In the wake of the attack, the constant threats of violence under which British politicians have long been forced to live is once again the talk of the country.

Between 2010 and 2016, nearly 700 crimes against British lawmakers were reported to the police, mostly in the form of online abuse. Jade Botterill, the former office manager for Labor lawmaker Yvette Cooper, tweeted that the office once received more than 100 death threats in a week. (In a normal week, they’d average about 50 death threats, she said.)

The discussion centers, inevitably, on what degree of security is indicated; how to balance safety with the free functioning of democracy. To their credit, like Amess, many of his colleagues have held, and said they will continue to hold, open meetings with constituents, despite the risks.

Amess was stabbed to death during a meeting with constituents, where anybody can come in off the street without prior checks, to talk with their MP.

As the Washington Post noted, “the Palace of Westminster in London is guarded by armed officers and there are airport-style scanners at the entrance but there is no equivalent security for when politicians meet, on a weekly basis, with constituents.”

All this is, unfortunately, the standard discussion after a murder of this kind, much like that which followed the killings of British MPs Jo Cox and Stephen Timms in recent years, and the near-fatal shooting in 2011 of former Rep. Gabby Giffords in the U.S.

What has not been standard is the quality of the condolences and tributes that have come pouring in from colleagues and constituents. Official condolences tend to be pro forma, more a matter of discharging obligations than expressing personal grief.
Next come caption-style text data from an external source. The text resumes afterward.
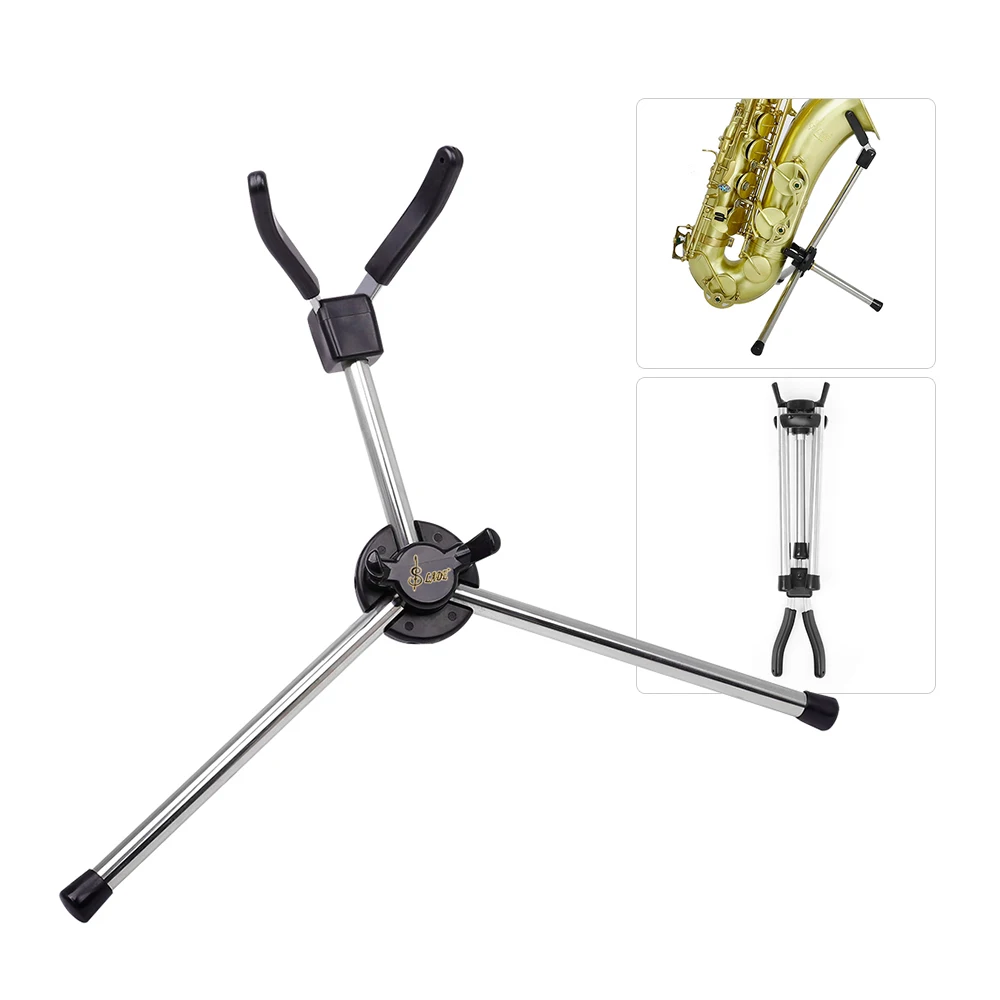 

LADE LD-130 Foldable Tenor Saxophone Stand Portable Sax Metal Floor Stand Holder with Carry Bag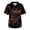 Red, variant on Men's Printed V Neck Short Sleeve Tops Mens Scrubs with Chest Pocket Work Carer Uniform Shirts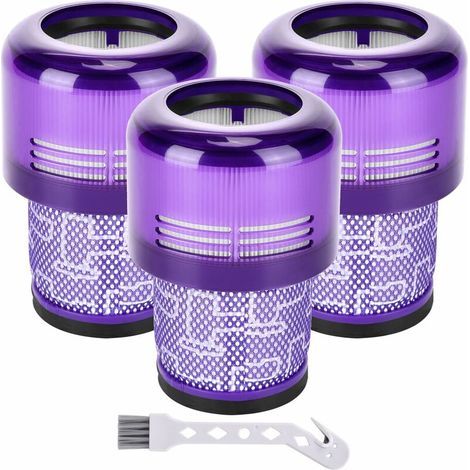 Filtre pour Dyson V11,3 Packs Filtres de remplacement pour Dyson V11 V15 SV14 SV17 SV22 Detect Animal Absolute Extra Pro Torque Drive Motorhead Aspirateur, Remplacer DY-970013-02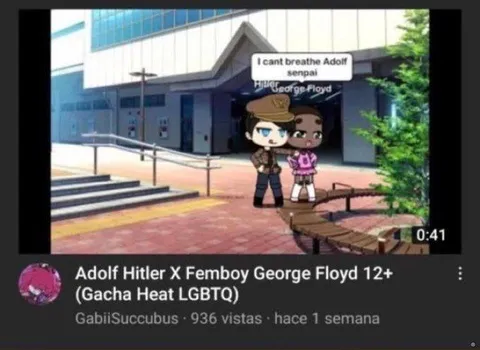 Adolf Hitler X Femboy George Floyd
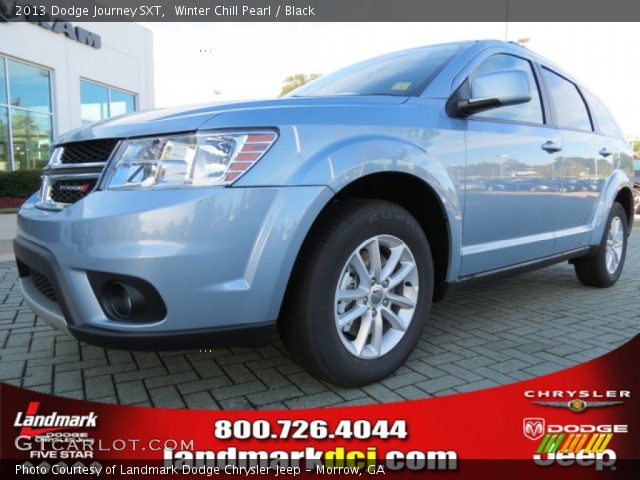2013 Dodge Journey SXT in Winter Chill Pearl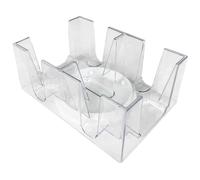 SLXLYH Plateau de cartes à jouer Canasta transparent rotatif pour 2/6 jeux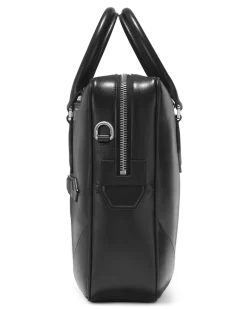 Mittelgroße Schreibmappe aus Meisterstück Leder - Schwarz - Leder - MB129664 - Dokumententaschen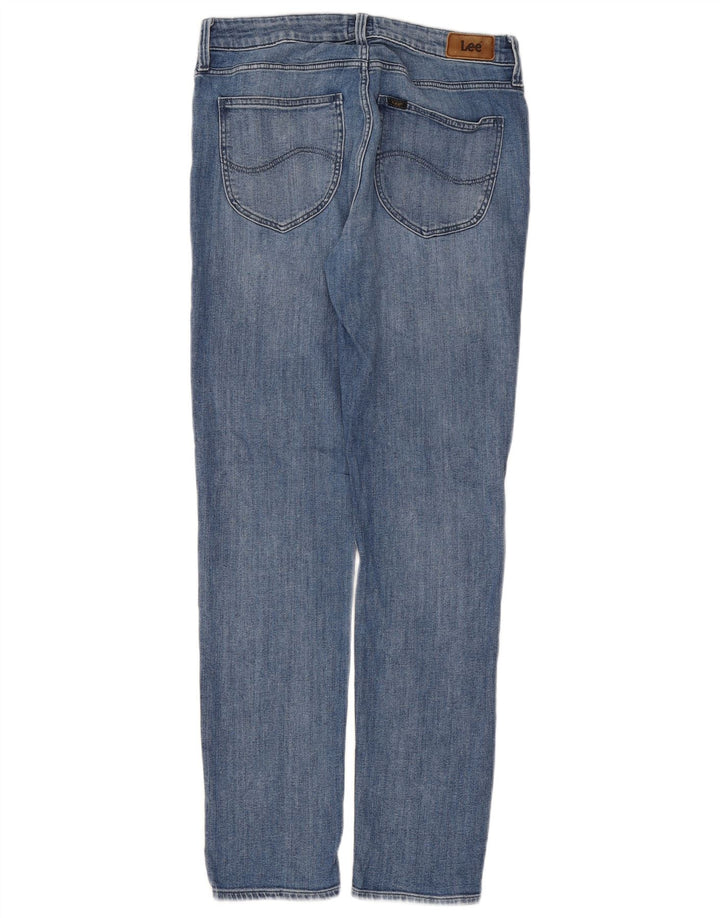 Damskie jeansy Lee Elly Slim W30 L31 Niebieskie bawełniane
But in the case of David Amess, the sincerity was evident.

British Prime Minister Boris Johnson explained it well, when he said: “The reason people are so shocked and sad is, above all, he was one of the kindest, nicest, most gentle people in politics. He also had an outstanding record of passing laws to help the most vulnerable. … And we’ve lost today a fine public servant and a much-loved friend and colleague, and our thoughts are very much today with his wife, his children, and his family.”

As MP David Johnston wrote in the Spectator: “To know that someone like him could be attacked in this way … has left us all shocked and feeling hollow. That has nothing to do with being in the same party as him: the tributes have come from all sides of the House. There is a special camaraderie that we 650 MPs feel despite our political differences.”

For the Jewish community there is a special sense of loss. Sir David’s active and selfless concern for others embraced everyone. In his own words, during a debate in the House of Commons to mark Holocaust Memorial Day last January, he said, memorably:

“Although I myself am not a Jew but a Catholic, there is Jewish blood in each and every one of us. I would certainly have been proud to have been born a Jew, and I stand shoulder to shoulder with our local Jewish community at the Southend and Westcliff Hebrew Congregation … and the recently arrived Chassidic Jews.”

The local Chassidishe kehillah confirmed Amess’ sentiment in a statement in which they said that they were “shocked and saddened by the horrific attack and tragic murder.”

Rabbi Akiva Padwa, Rav of Kehillas Meluim Leiphod Westcliff, said, “Our thoughts and prayers are with the family, friends, supporters and entire constituency of Sir David. Sir David was very supportive and welcoming to our community. His care and devotion was astounding. May his soul rest in peace.”

Rabbi Geoffrey Hyman of Southend and Westcliff Hebrew Congregation described Sir David as “a real mentch.” He said: “We are absolutely devastated by the murder of Sir David Amess, our local MP. He had a very close relationship with our Jewish community here in Westcliff.”

Amess conducted a years-long personal campaign to erect a statue in honor of Raoul Wallenberg, the Swedish diplomat who saved thousands of Hungarian Jews from deportation to Nazi death camps in World War II. Queen Elizabeth II unveiled the statue in 1997 outside the Western Marble Arch Synagogue in London. He called it “one of the proudest moments of my life.”

We express our sincere condolences to his wife and five children.